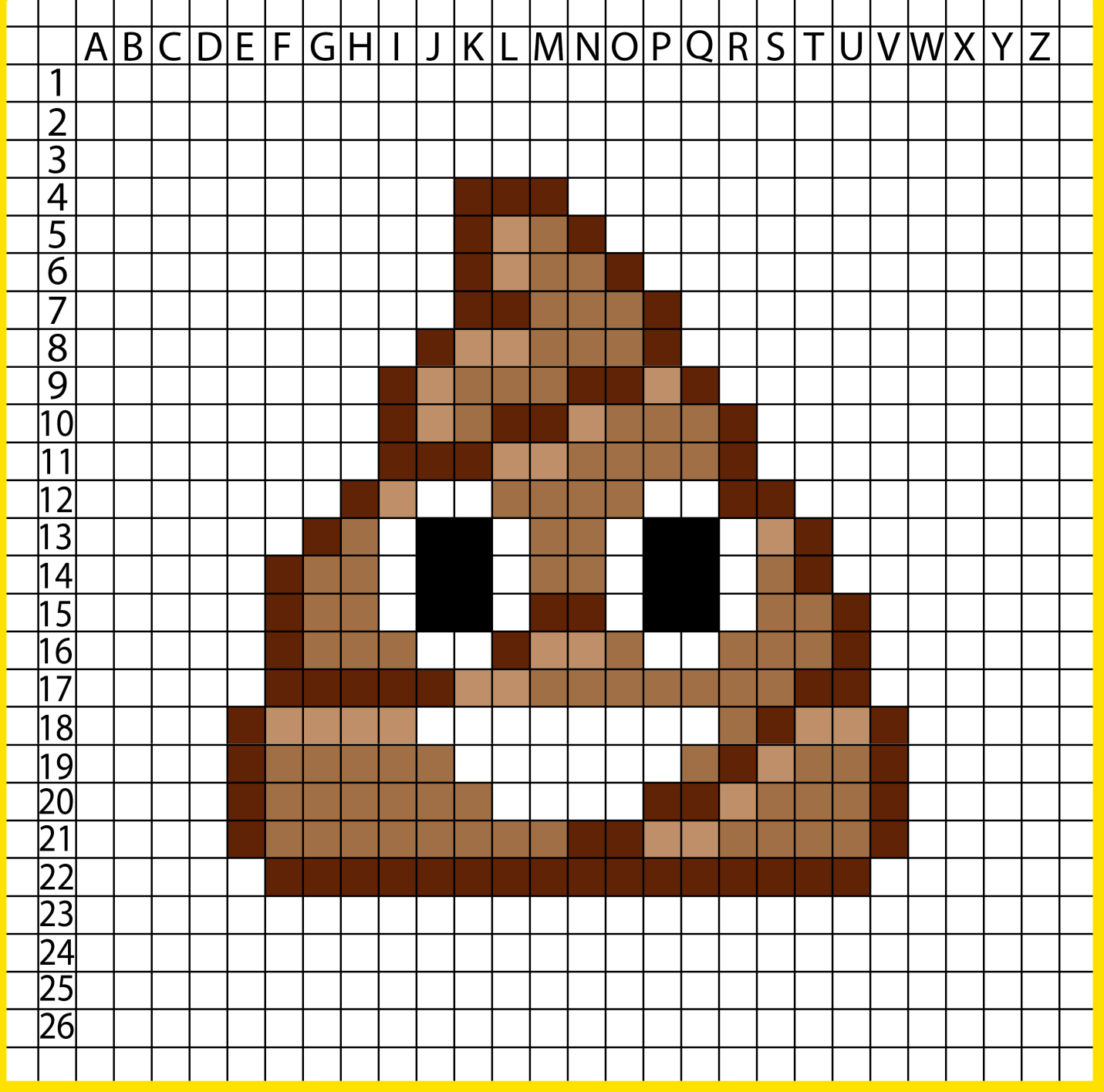 Pixel art Emoji Kacke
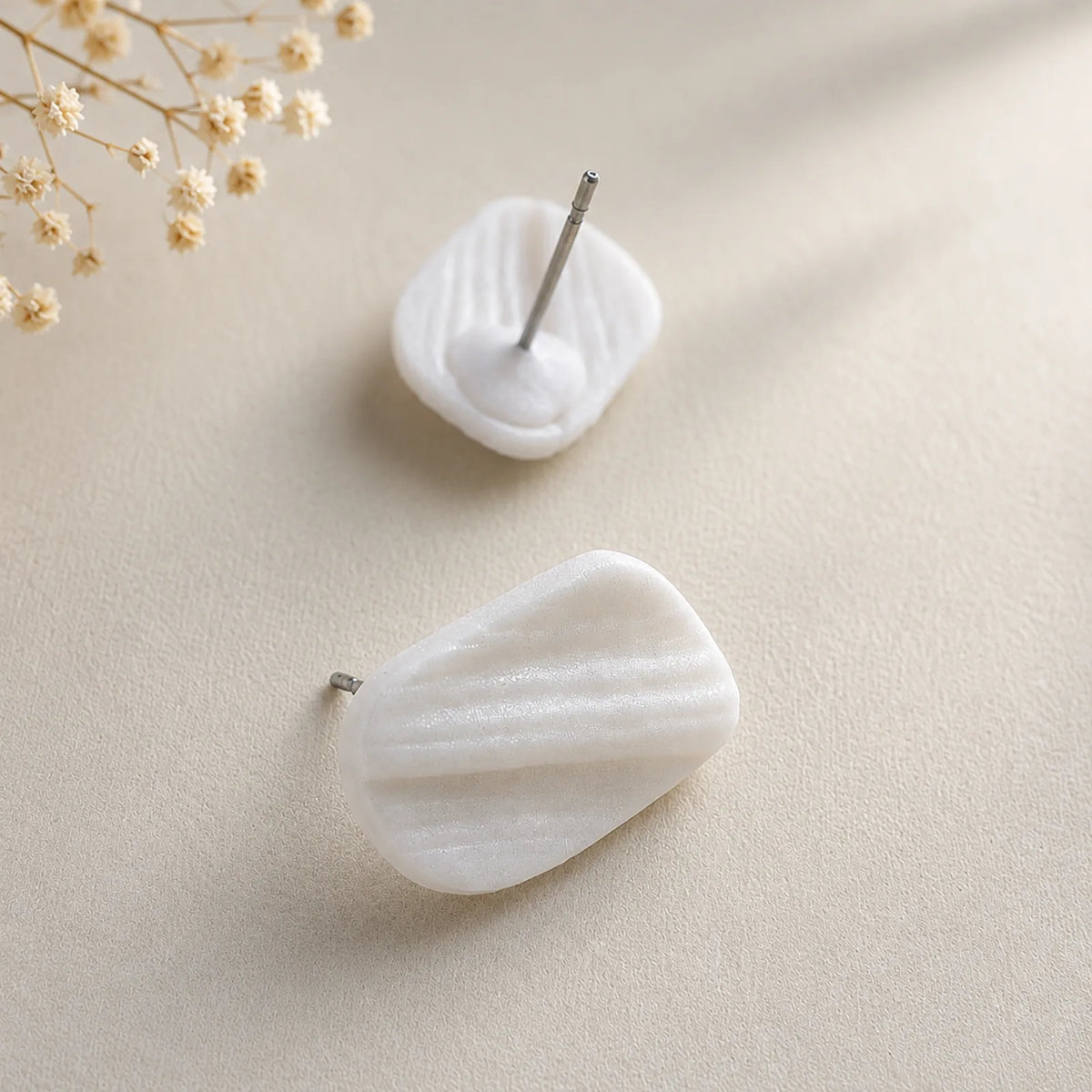 The Textured Pebble Trio | Minimalist Textured Pebble Ear Studs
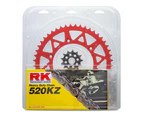 RK Lite Chain & Sprocket Kit Red 13/50 for Honda CR250R 1992-2007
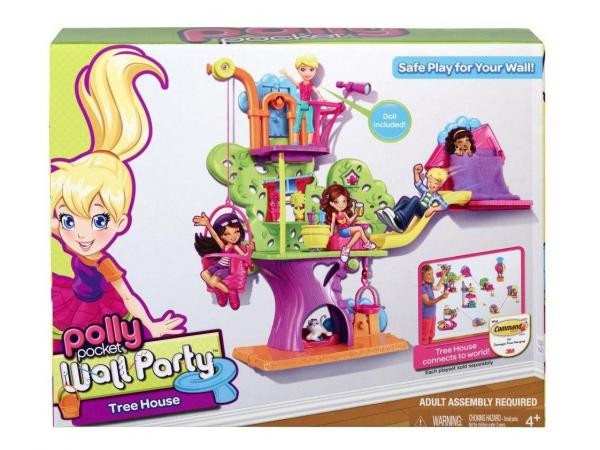Polly Wall Party Casa da Árvore - Mattel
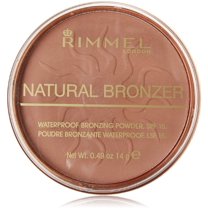 Rimmel London Natural Bronzer, Sunlight, Waterproof, Velvet-Soft ...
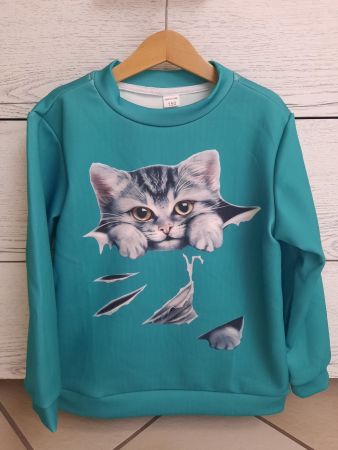 Kinder Pullover, grün, Gr. 146, NEU !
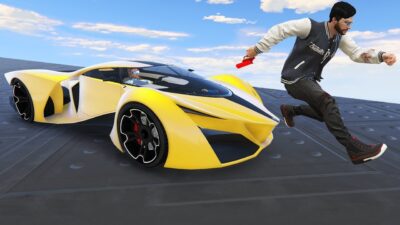 【DE JuN】GTA 5 - 超級跑車 VS 跑酷高手 ( 歡樂時刻 )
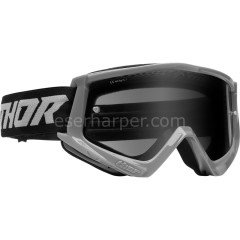 COMBAT RACER SAND GRAY BLACK GOGGLE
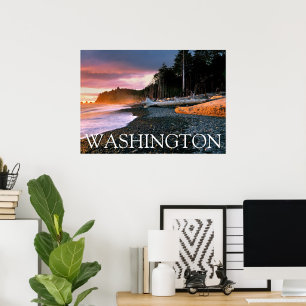 Olympisch Nationaal Park   de staat Washington Poster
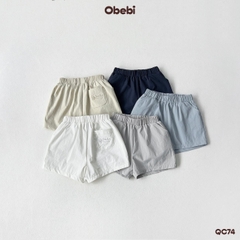 OBEBI - Quần đùi trẻ em vải gió thêu hình ngôi sao OBEBI (73-120)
* * *
(Goal of the exercise): The pictures alone are to be left out when the data above is copied; all else must match exactly.

(Result):
 Pixel art Emoji Kacke
 The Textured Pebble Trio | Minimalist Textured Pebble Ear Studs
 RK Lite Chain & Sprocket Kit Red 13/50 for Honda CR250R 1992-2007
Polly Wall Party Casa da Árvore - Mattel
 Rimmel London Natural Bronzer, Sunlight, Waterproof, Velvet-Soft ...
 Kinder Pullover, grün, Gr. 146, NEU !
 【DE JuN】GTA 5 - 超級跑車 VS 跑酷高手 ( 歡樂時刻 )
 COMBAT RACER SAND GRAY BLACK GOGGLE
 Olympisch Nationaal Park   de staat Washington Poster
 OBEBI - Quần đùi trẻ em vải gió thêu hình ngôi sao OBEBI (73-120)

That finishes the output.